We all know that files have different encodings, for example, the commonly used Chinese encodings are: UTF8, GK2312, etc.
In the Windows operating system, the newly created file will be prefixed with a few characters at the beginning to identify the encoding.
For example, create a new text file, write words Hello
, and save as UTF8. Hello
It takes 5 bytes, but the text size is 8 bytes. (This is still the case under the win7 system, the encoding prefix has been removed from win10, so the file size under win10 is still 5 bytes. It seems that Microsoft itself has changed.)
We use StreamWriter
to generate the file.
using (StreamWriter sw = new StreamWriter("a.txt"))
{
sw.Write("Hello"); // 5 字节
}
using (StreamWriter sw = new StreamWriter("b.txt", false, Encoding.UTF8))
{
sw.Write("Hello"); // 8 字节
}
Something weird happened.

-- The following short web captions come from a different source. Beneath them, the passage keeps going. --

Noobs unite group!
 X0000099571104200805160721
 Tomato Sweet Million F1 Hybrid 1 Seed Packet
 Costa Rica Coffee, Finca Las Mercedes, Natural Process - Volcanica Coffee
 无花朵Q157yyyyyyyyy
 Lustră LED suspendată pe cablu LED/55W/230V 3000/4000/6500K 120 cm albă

StreamWriter
The default encoding is UTF8, which is UTF8 encoding. How can the file size be different?
UTF8Encoding
There are two private attributes: emitUTF8Identifier
and isThrowException
, passed in by the constructor during initialization.
emitUTF8Identifier
Whether to add encoding prefixisThrowException
Indicates whether an error is reported when an encoding error is encountered
This shows that whether to add a coding prefix can be controlled.
Encoding
Are UTF8
defined as follows, add code prefix.
public static Encoding UTF8 {
get {
if (utf8Encoding == null) utf8Encoding = new UTF8Encoding(true);
return utf8Encoding;
}
}
The StreamWriter
default encoding used in emitUTF8Identifier=false
:
internal static Encoding UTF8NoBOM {
get {
if (_UTF8NoBOM == null) {
UTF8Encoding noBOM = new UTF8Encoding(false, true);
_UTF8NoBOM = noBOM;
}
return _UTF8NoBOM;
}
}
This is why the two files in the code at the beginning are not the same size.